### RECORDED DATA
= = = = =

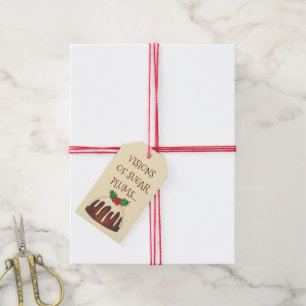 Étiquettes-cadeau Visions de Sugar Plums Plum Pudding Nourriture de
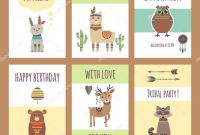 Zoo Brochure Template Awesome Tribal Animals Cards Cute Zoo Characters Squirrel Llama Hare Fox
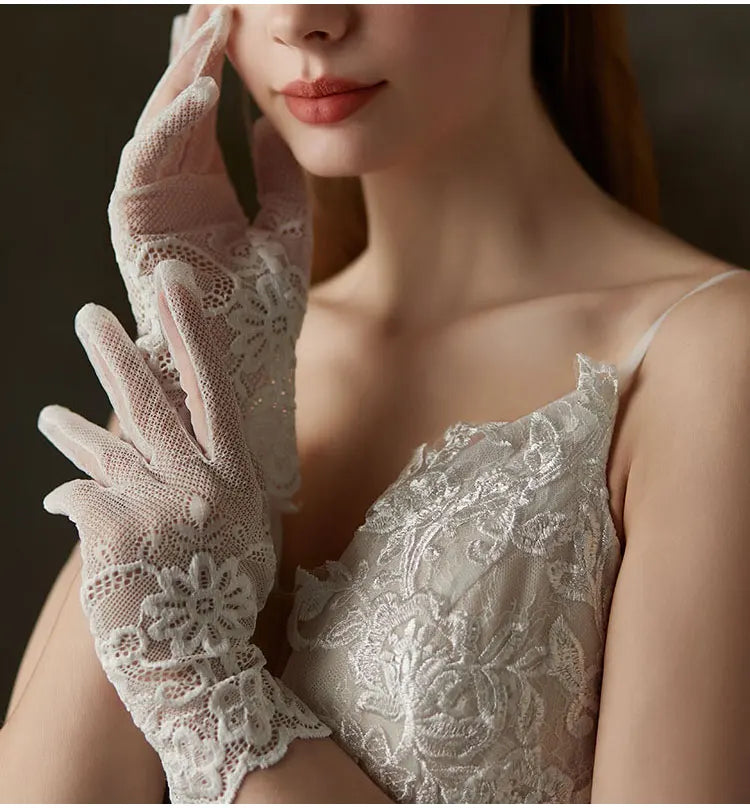 Elegant Floral Lace Wedding Gloves for Brides ATHLEXES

= = = = =

### HOW TO COMPLETE THIS TASK
Would you reproduce each line of the material exactly, omitting the images?

### RESULT OF THIS EXERCISE
 Étiquettes-cadeau Visions de Sugar Plums Plum Pudding Nourriture de
 Zoo Brochure Template Awesome Tribal Animals Cards Cute Zoo Characters Squirrel Llama Hare Fox
 Elegant Floral Lace Wedding Gloves for Brides ATHLEXES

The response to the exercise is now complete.